Ни одна крайняя точка зрения, ни другая не должны были представлять отношение мыслящего и верующего христианства; ни Вильгельм Сен-Тьерри и святой Бернард, ни даже (по этим пунктам) Абеляр и брат Бэкон не должны были преобладать; но все-балансирующий и все-рассматривающий Фома Аквинский. Он проведет линии между верой и разумом и защитит их аргументами, которые будут казаться отдающими разуму вещи разума, а вере — ее должное. И все же именно Роджер Бэкон обвиняет Фому в создании его «Теологии» из диалектики и очень человеческих рассуждений. Это было правдой; и нам снова напоминают, как различные взгляды переходили друг в друга в Средние века и все в определенных линиях сходства. Практически все средневековые мыслители чтут авторитет — более или менее; и все придерживаются некоторого принципа веры, необходимости верить во что-то для спасения души. Существует также некоторое сходство в их отношениях к интеллектуальным интересам. Ибо все признавали их уместность и отдавали должное человеческому желанию знать.
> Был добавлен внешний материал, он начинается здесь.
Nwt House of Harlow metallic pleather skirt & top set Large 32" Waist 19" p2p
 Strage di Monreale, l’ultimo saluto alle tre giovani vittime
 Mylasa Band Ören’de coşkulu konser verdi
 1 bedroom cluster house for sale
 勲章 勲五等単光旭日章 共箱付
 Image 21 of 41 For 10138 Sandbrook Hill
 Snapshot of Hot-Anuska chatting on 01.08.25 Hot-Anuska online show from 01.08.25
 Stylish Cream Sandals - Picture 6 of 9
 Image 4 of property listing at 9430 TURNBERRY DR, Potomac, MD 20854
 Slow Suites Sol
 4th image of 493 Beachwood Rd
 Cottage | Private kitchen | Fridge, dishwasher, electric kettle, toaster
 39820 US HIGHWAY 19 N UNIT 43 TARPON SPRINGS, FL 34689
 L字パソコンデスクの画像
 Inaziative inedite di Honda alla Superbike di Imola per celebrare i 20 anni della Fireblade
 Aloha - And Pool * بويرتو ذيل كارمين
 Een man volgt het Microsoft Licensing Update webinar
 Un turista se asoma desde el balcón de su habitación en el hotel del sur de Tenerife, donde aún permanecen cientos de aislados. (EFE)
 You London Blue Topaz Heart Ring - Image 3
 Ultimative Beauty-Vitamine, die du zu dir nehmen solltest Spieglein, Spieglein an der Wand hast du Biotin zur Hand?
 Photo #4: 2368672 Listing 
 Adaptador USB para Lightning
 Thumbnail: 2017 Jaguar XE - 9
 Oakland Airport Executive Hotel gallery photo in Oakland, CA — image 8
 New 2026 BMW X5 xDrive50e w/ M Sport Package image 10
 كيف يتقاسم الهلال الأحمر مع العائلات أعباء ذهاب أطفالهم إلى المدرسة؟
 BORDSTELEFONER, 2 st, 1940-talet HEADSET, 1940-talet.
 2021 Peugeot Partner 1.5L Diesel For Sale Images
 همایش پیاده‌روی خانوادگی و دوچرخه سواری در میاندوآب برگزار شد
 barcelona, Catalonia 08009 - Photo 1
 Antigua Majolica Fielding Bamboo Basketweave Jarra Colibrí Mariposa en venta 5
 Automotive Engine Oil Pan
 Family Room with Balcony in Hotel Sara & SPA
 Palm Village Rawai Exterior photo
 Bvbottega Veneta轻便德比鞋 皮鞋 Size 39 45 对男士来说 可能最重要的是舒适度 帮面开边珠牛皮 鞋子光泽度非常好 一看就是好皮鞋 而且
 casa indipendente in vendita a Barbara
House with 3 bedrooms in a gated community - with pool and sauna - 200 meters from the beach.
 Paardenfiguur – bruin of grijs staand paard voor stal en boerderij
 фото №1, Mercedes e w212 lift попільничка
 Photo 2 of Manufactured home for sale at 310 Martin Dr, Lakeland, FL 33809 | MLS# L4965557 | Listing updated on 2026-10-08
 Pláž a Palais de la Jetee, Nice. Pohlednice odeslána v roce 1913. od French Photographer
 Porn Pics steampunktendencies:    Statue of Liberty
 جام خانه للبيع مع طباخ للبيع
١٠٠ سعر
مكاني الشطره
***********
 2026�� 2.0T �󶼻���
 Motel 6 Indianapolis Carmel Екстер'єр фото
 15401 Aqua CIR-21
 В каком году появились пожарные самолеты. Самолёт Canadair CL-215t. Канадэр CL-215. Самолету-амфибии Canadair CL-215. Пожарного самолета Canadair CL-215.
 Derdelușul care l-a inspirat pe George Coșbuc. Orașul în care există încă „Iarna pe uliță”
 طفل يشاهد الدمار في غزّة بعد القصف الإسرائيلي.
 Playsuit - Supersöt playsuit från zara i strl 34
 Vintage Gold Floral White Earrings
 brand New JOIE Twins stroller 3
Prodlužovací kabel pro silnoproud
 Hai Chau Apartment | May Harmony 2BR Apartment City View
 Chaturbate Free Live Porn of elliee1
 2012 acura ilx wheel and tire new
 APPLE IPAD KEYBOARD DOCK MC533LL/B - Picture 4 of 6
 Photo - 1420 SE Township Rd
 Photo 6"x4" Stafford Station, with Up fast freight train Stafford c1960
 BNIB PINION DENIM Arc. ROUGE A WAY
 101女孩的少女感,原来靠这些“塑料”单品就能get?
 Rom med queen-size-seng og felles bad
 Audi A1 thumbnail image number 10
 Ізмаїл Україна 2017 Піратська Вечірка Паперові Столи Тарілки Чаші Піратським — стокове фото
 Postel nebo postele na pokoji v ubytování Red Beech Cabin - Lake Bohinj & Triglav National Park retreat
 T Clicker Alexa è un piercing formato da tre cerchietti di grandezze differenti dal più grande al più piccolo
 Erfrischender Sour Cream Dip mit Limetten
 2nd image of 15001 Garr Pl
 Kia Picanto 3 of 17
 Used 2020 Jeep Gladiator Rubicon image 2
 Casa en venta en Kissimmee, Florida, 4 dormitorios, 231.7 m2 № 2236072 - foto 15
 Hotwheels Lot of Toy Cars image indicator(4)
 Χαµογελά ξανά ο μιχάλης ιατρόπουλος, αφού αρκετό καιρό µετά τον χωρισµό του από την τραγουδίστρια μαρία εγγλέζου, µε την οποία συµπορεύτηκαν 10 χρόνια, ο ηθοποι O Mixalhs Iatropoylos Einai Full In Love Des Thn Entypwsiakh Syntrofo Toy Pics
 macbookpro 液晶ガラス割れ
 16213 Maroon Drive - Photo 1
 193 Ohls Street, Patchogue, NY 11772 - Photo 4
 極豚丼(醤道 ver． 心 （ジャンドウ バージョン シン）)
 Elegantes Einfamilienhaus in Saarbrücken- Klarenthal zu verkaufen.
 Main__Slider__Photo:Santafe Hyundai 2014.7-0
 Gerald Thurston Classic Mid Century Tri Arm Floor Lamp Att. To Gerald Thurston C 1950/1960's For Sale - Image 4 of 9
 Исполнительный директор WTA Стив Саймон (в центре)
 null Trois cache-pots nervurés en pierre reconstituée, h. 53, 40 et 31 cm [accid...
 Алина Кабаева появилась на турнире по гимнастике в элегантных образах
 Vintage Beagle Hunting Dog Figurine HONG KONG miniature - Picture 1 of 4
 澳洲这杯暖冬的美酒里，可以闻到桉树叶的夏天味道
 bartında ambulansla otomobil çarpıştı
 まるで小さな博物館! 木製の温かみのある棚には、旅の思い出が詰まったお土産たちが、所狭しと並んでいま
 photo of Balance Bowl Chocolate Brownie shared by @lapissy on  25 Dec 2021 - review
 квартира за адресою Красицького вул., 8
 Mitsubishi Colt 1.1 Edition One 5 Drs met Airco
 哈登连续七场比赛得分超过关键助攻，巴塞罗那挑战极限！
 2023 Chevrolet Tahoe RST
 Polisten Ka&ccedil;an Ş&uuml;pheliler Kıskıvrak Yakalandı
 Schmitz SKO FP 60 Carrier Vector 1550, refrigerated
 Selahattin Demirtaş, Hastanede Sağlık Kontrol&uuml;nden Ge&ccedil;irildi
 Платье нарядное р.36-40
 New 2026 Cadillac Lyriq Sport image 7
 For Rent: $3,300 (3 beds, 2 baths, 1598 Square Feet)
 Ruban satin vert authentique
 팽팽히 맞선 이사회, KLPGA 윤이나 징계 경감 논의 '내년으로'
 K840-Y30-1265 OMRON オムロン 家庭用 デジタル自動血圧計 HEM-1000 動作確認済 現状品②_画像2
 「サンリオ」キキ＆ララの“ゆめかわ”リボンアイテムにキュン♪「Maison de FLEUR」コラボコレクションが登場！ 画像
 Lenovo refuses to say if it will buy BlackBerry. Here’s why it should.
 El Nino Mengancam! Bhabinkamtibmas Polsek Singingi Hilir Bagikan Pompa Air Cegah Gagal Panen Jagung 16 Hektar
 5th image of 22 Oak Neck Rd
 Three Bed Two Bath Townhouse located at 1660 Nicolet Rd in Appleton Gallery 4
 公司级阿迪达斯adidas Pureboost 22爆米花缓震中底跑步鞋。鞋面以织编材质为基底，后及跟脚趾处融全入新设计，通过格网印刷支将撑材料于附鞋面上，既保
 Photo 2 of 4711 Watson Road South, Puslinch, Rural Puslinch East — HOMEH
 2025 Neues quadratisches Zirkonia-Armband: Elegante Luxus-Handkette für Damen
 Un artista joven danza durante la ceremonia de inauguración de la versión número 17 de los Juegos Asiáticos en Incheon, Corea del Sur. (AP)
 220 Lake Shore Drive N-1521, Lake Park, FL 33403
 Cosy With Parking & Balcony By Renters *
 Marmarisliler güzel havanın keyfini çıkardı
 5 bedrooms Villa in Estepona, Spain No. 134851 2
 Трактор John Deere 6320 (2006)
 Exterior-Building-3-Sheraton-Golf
Точно так же все видели, что спасение, summum bonum для человека, включало больше, чем интеллигенцию; и чувствовали, что оно содержит некоторое завершение других человеческих импульсов; что оно содержит любовь — любовь к Богу вместе с интеллектуальным пылом созерцания; и почти все признавали также, что вера содержит тайну, не решаемую разумом. Таким образом, все были рациональны — некоторые больше, некоторые меньше; и все были преданны и верующи, пиетисты, пылки — некоторые больше, некоторые меньше; в зависимости от того, доминировала ли интеллектуальная природа над эмоциональной или эмоции подавляли сознательное упражнение разума, все же достигая и вверх от того, что знание и разум дали как базу, чтобы оттолкнуться.